Could the latest high-stakes challenge to Obamacare be stumbling just short of the goal line?

For the last two years, four challengers have waged a pitched battle with the Obama administration over whether the Affordable Care Act authorizes subsidies that make insurance affordable for millions of people. The stakes are huge: Without the subsidies, more than 8 million Americans would lose their insurance.

The case, King v. Burwell, has reached the doors of the Supreme Court. Yet now, just weeks before the much-anticipated oral argument, questions suddenly have surfaced about whether the challengers can be in court at all.

“We’re three weeks out from the legal test that could make or break Obamacare, and it’s not entirely clear that the Supreme Court can even hear the case.”
Dominic Perella
To sue in federal court, a plaintiff must show that he has so-called “standing” – that he suffered an injury, and that if he wins in court the injury will be redressed. If either piece is missing, the court has no power to hear the case.

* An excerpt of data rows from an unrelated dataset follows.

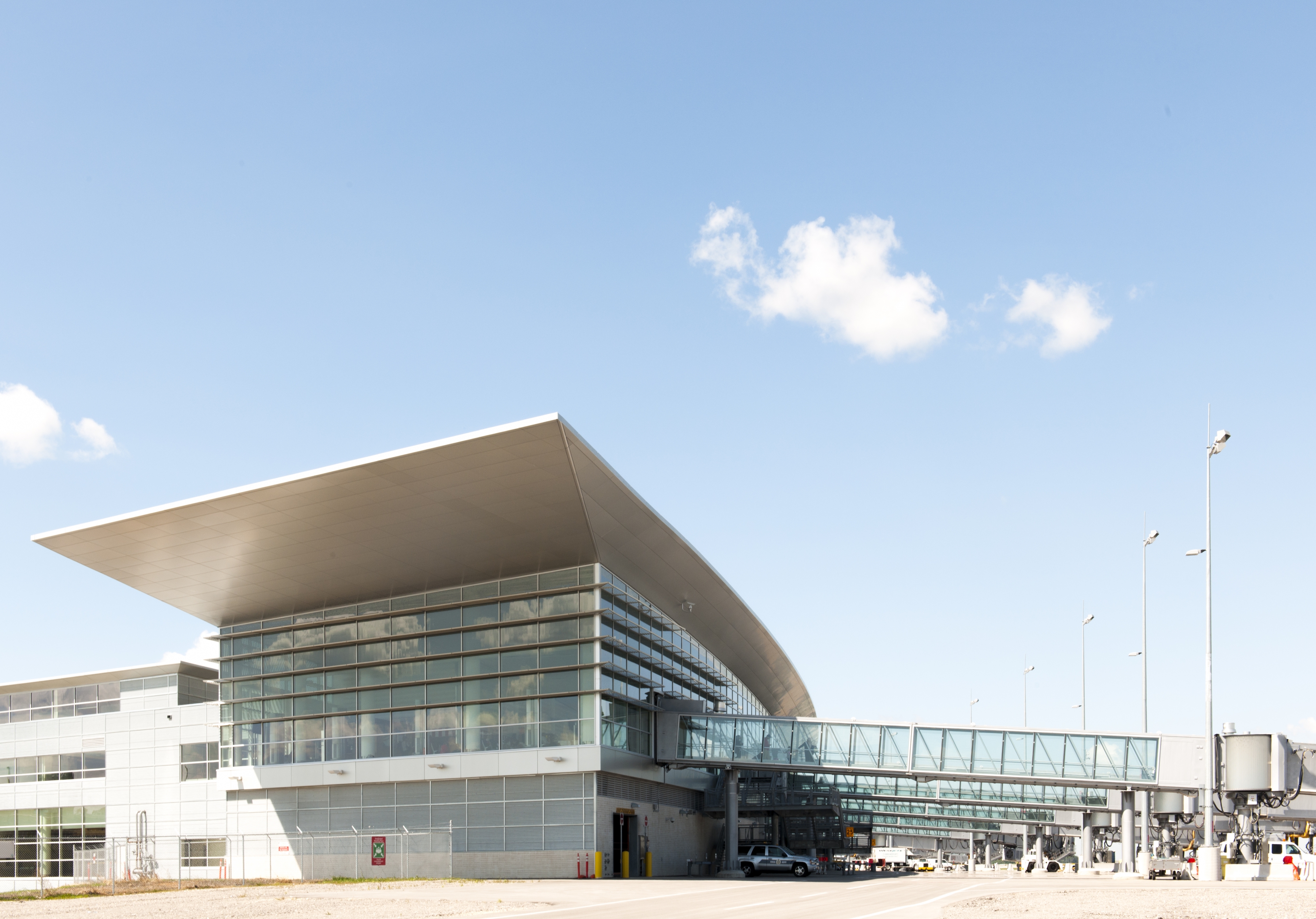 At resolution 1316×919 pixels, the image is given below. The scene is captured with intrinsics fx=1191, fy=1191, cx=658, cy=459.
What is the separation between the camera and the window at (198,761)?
52688mm

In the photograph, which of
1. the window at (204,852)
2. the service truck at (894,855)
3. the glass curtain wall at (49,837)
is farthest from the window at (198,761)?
the service truck at (894,855)

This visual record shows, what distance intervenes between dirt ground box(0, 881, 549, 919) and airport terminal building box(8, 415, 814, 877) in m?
6.70

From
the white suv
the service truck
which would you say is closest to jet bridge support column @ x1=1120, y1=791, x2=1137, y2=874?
the white suv

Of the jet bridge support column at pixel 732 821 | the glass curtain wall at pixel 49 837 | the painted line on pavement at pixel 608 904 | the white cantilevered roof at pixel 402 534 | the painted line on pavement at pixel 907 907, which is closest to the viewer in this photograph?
the painted line on pavement at pixel 907 907

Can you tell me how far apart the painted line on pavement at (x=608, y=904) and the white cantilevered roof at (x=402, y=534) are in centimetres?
1310

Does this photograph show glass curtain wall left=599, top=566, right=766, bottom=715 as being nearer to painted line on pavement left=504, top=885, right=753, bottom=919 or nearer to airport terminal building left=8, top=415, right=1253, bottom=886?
airport terminal building left=8, top=415, right=1253, bottom=886

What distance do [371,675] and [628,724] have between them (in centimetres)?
1080

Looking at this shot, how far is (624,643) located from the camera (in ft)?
149

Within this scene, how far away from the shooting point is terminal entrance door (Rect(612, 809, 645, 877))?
44.0 meters

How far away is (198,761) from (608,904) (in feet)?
112

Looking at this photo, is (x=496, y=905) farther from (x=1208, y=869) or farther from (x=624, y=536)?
(x=1208, y=869)

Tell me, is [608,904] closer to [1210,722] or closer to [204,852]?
[1210,722]

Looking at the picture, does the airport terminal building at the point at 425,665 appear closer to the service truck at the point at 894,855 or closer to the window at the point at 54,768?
the window at the point at 54,768

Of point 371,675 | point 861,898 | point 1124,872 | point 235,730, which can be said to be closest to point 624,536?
point 371,675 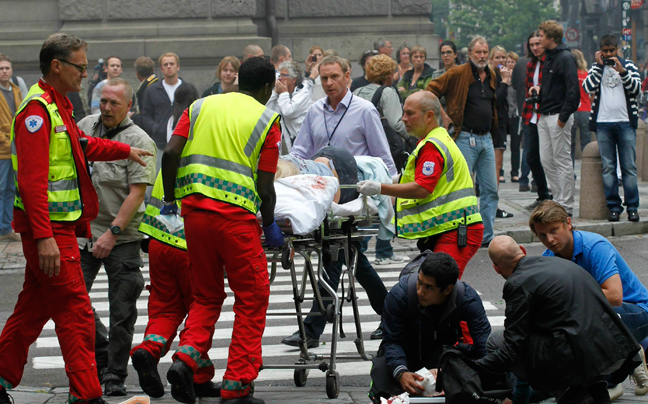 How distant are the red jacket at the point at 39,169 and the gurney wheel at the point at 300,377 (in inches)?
67.2

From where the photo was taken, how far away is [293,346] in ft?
25.2

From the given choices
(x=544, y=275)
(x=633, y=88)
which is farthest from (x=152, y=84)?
(x=544, y=275)

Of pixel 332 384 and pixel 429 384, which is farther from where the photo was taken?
pixel 332 384

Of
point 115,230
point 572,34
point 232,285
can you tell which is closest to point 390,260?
point 115,230

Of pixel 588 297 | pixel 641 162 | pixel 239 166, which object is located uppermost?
pixel 239 166

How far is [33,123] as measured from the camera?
539 cm

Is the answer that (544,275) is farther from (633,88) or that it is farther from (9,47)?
(9,47)

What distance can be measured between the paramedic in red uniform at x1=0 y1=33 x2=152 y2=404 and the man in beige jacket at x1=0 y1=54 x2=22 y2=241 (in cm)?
718

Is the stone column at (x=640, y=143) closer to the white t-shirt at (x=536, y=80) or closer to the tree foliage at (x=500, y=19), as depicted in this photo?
the white t-shirt at (x=536, y=80)

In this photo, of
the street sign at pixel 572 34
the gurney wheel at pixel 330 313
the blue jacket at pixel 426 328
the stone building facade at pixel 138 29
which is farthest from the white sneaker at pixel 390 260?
the street sign at pixel 572 34

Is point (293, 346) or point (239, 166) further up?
point (239, 166)

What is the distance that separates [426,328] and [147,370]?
1508mm

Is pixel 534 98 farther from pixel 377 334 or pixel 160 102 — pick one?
pixel 377 334

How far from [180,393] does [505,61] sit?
497 inches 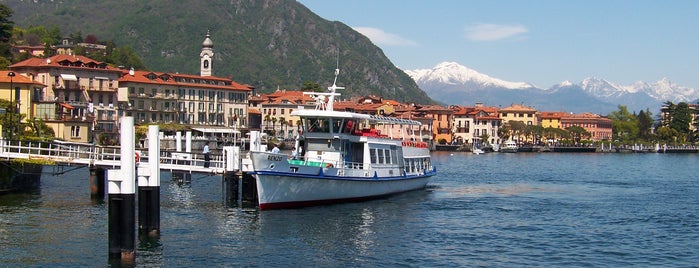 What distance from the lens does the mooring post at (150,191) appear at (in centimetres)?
3525

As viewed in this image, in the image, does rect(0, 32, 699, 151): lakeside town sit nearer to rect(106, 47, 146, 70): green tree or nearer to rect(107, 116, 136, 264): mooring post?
rect(106, 47, 146, 70): green tree

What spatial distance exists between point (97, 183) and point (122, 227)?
858 inches

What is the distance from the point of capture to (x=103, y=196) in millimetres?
50281

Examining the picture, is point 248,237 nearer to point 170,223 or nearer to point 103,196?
point 170,223

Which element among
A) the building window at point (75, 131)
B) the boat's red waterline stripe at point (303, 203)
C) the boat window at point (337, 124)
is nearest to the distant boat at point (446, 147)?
the building window at point (75, 131)

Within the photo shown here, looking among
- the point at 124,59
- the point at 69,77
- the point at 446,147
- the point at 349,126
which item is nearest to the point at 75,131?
the point at 69,77

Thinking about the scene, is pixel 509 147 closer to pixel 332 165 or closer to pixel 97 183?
pixel 332 165

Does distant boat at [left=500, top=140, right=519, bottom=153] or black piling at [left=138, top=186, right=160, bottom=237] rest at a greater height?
distant boat at [left=500, top=140, right=519, bottom=153]

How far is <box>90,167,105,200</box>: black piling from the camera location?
164 ft

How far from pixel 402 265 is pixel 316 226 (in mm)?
8947

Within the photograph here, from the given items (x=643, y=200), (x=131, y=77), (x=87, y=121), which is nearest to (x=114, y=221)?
(x=643, y=200)

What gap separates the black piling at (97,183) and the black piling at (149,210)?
1463cm

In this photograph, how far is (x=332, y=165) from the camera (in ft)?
160

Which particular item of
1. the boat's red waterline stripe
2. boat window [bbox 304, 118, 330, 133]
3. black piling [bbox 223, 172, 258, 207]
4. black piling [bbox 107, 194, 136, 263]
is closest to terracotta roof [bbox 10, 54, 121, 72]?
boat window [bbox 304, 118, 330, 133] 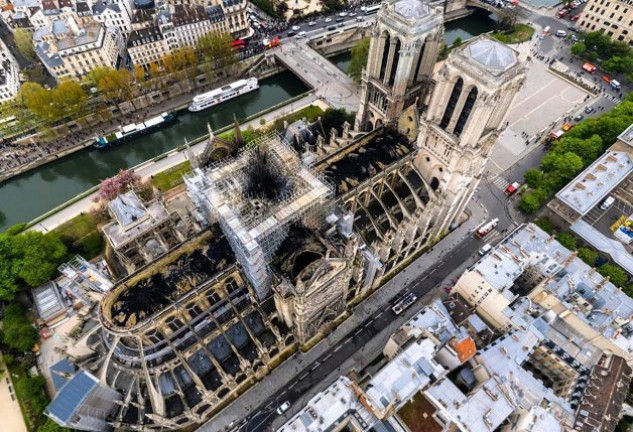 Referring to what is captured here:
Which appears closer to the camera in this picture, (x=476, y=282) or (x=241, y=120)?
(x=476, y=282)

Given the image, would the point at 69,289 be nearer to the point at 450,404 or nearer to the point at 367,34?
the point at 450,404

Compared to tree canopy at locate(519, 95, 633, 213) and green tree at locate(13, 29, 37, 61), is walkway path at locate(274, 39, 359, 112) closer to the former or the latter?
tree canopy at locate(519, 95, 633, 213)

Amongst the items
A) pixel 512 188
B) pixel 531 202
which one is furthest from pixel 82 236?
pixel 531 202

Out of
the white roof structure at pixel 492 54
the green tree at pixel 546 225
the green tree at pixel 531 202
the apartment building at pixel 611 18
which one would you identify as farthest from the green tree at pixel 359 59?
the apartment building at pixel 611 18

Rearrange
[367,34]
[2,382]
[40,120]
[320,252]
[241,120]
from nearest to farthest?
[320,252], [2,382], [40,120], [241,120], [367,34]

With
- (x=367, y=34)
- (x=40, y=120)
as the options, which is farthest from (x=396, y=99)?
(x=40, y=120)

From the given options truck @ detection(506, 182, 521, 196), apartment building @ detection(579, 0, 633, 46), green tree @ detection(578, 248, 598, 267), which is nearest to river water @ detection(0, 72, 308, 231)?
truck @ detection(506, 182, 521, 196)

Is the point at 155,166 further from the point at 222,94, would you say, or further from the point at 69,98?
the point at 222,94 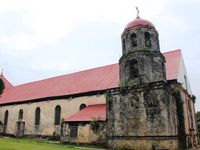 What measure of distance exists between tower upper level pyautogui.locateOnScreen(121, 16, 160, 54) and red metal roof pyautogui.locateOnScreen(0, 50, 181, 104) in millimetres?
3876

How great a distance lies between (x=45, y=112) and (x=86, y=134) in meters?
9.41

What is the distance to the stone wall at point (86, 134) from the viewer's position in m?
19.6

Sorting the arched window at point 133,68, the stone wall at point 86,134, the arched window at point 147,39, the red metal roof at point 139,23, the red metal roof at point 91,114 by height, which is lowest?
the stone wall at point 86,134

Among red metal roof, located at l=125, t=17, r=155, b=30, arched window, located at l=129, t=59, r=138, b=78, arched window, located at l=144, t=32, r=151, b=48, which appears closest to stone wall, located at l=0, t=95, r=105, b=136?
arched window, located at l=129, t=59, r=138, b=78

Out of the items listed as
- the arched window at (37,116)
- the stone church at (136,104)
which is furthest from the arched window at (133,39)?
the arched window at (37,116)

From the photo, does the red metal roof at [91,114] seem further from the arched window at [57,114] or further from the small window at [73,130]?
the arched window at [57,114]

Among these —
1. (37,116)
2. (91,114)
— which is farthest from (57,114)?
(91,114)

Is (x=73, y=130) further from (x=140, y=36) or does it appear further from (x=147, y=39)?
(x=147, y=39)

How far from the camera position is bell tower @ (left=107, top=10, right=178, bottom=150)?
17.0m

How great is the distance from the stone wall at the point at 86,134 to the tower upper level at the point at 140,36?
277 inches

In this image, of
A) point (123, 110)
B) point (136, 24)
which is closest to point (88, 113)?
point (123, 110)

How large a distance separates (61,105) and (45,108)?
269 centimetres

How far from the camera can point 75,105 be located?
2564 cm

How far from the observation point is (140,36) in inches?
763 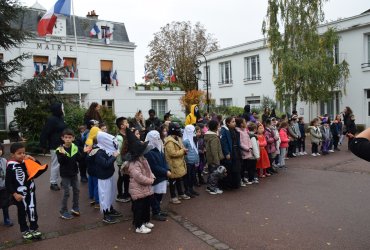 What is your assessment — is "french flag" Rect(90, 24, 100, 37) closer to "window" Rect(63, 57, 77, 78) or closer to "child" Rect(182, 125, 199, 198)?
"window" Rect(63, 57, 77, 78)

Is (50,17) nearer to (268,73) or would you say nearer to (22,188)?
(22,188)

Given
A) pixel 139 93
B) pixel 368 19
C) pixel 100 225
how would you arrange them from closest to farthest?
pixel 100 225, pixel 368 19, pixel 139 93

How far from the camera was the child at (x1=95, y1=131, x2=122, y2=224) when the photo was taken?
5952 mm

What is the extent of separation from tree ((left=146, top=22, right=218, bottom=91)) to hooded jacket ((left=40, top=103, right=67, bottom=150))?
34.9 metres

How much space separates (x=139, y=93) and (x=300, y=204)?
23074mm

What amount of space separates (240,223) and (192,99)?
27169 millimetres

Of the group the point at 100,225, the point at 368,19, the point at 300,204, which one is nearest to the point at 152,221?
the point at 100,225

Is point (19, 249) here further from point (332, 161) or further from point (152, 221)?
point (332, 161)

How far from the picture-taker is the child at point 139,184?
553cm

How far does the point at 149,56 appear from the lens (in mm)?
43906

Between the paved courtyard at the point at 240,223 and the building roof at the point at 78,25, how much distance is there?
19787mm

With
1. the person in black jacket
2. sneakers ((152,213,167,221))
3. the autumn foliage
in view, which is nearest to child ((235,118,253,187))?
sneakers ((152,213,167,221))

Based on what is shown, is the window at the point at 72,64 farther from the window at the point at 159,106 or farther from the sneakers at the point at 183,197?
the sneakers at the point at 183,197

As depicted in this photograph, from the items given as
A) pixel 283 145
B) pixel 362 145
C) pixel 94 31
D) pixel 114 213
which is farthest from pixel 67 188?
pixel 94 31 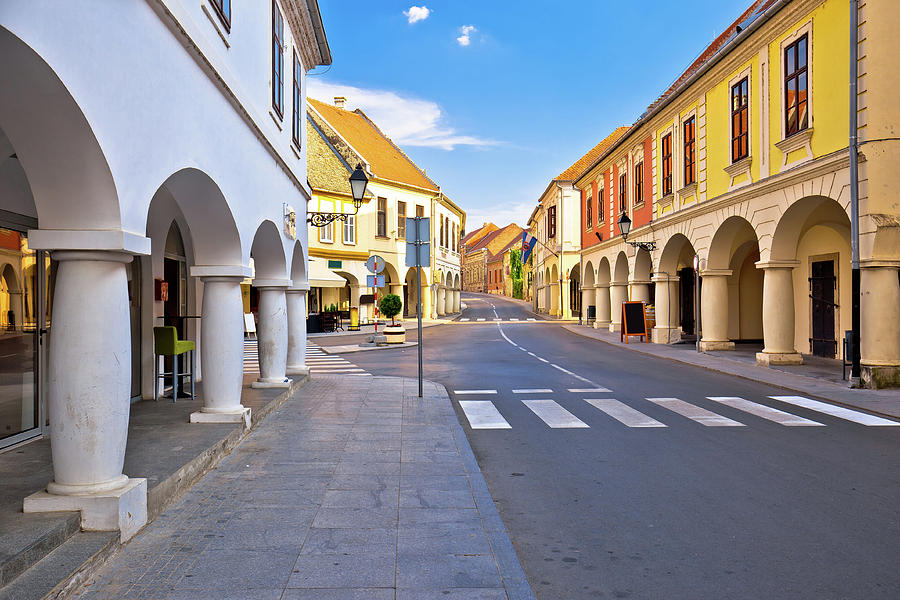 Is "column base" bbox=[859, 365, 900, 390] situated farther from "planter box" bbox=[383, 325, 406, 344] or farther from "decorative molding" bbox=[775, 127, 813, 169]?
"planter box" bbox=[383, 325, 406, 344]

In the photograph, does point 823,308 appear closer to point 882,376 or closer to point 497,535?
point 882,376

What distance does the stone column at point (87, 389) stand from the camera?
13.4 feet

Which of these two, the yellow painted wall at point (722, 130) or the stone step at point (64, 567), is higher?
the yellow painted wall at point (722, 130)

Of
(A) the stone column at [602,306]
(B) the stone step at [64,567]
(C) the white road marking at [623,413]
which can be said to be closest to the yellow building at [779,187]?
(C) the white road marking at [623,413]

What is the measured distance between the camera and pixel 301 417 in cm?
888

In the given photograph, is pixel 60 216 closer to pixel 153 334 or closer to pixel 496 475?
pixel 496 475

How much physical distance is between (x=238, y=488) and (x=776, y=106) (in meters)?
14.6

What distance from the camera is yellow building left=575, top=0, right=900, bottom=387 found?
11.6 m

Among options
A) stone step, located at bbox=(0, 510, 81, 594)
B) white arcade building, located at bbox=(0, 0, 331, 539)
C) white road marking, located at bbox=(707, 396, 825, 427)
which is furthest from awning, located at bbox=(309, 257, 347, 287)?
stone step, located at bbox=(0, 510, 81, 594)

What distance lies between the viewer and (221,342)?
23.7ft

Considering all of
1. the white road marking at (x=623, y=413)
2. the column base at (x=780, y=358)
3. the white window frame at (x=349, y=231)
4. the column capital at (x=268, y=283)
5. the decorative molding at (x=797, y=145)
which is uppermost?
the white window frame at (x=349, y=231)

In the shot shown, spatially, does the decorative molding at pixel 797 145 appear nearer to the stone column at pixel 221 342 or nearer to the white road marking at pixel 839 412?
the white road marking at pixel 839 412

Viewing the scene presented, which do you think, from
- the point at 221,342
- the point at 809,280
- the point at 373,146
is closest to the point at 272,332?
the point at 221,342

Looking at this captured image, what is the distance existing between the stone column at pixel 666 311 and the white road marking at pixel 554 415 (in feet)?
45.5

That brings us to the protagonists in this drama: Virginia residents David King, Rose Luck, Brenda Levy, and Douglas Hurst. Obamacare opponents hand-picked these four regular-Joe plaintiffs to serve as figureheads in the King lawsuit. They argued in the lower courts that the four have standing to sue because – counterintuitively – subsidies that make insurance cheaper actually hurt them.

The theory goes like this: The Affordable Care Act’s “individual mandate” requires people to buy health insurance. However, the mandate doesn’t apply to people for whom insurance is unaffordable, and it defines “unaffordable” to mean more than 8% of household income. The plaintiffs told the lower courts that insurance on the Obamacare exchanges would cost more than 8% of their income without subsidies, so they wouldn’t have to buy it. But with subsidies, insurance costs less than 8% of their income. Thus the subsidies actually hurt them: They didn’t want insurance, but the subsidies catapulted them within the individual mandate, meaning they had to either buy insurance or violate the mandate and pay a tax penalty.

In the lower courts, the government poked holes in that argument for two of the plaintiffs. It ran the numbers and showed that for Rose Luck and David King, insurance would be “unaffordable,” and they wouldn’t have to buy it, even with the subsidies. Thus Luck and King weren’t injured; they lacked standing.

The plaintiffs didn’t fight back. Instead, they relied on the standing of the other two plaintiffs, Brenda Levy and Douglas Hurst. That was enough because only one plaintiff needs standing for the lawsuit to continue. But in recent days, published reports have cast doubt on Levy and Hurst’s standing too.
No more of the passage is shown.